Performance after auto-tune not so good

I tried auto-tvm to speed up mobilenet v1 on NVIDIA Tesla V100. It seems that tvm has a pre-defined configuration for mobilenet on v100.

when I build without auto tune, I got 700+ fps on inference. when I auto tuned for 3 days, the result is not as good, only 520 fps. How can I get my model as fast as the pre-defined configuration?

And I also noticed that, I nearly got the same speedup with n_trial = 4, n_trial = 2000 and n_trial= 4000, seems the longer-time search didn’t give rise to higher speedup? It’s confusing.

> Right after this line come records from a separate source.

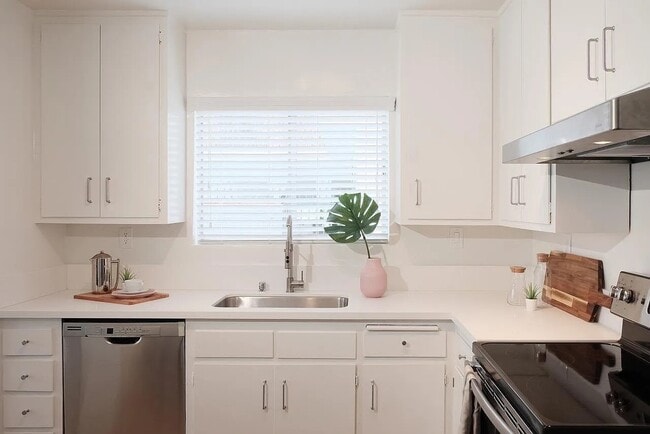 Photo - The Town House Unit 204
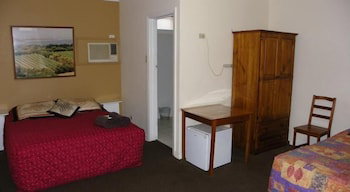 Palms Motel - Accommodation Mooloolaba 2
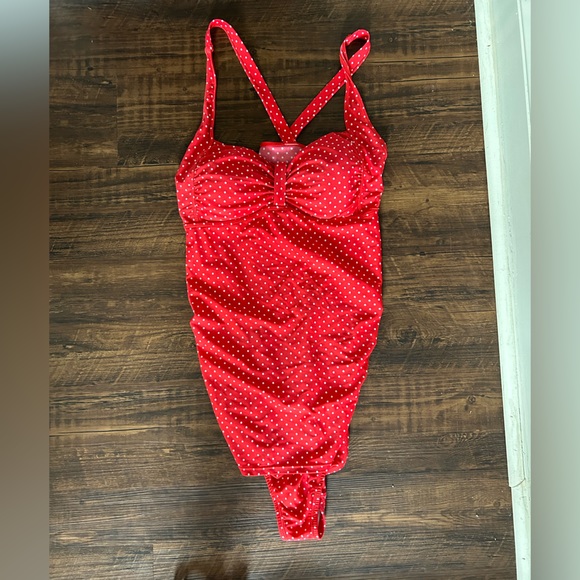 Motherhood Maternity Other - One piece maternity bathing suit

here are my codes, any advice?

tuning_opt = {
    'log_filename': log_file,
    'tuner': 'xgb',
    'n_trial': 4000,
    'early_stopping': 1200,

    'measure_option': autotvm.measure_option(
        builder=autotvm.LocalBuilder(timeout=10),
        runner=autotvm.RPCRunner(
            'V100',
            '0.0.0.0', 9190,
            number=20, repeat=3, timeout=4, min_repeat_ms=150)
    ),
}
tasks = autotvm.task.extract_from_program(sym['main'], target=target,
                                          params=params, ops=(relay.op.nn.conv2d,))
print("Tuning...")
tune_tasks(tasks, **tuning_opt)

print("Applying Schedule Params From Log File", log_file)
# compile kernels with history best records
with autotvm.apply_history_best(log_file):
    # if True:
    print("Compile...")
    with relay.build_config(opt_level=3):
        graph, lib, params = relay.build(sym, target=target, target_host=target_host, params=params)
    save_tvm_module(graph, lib, params)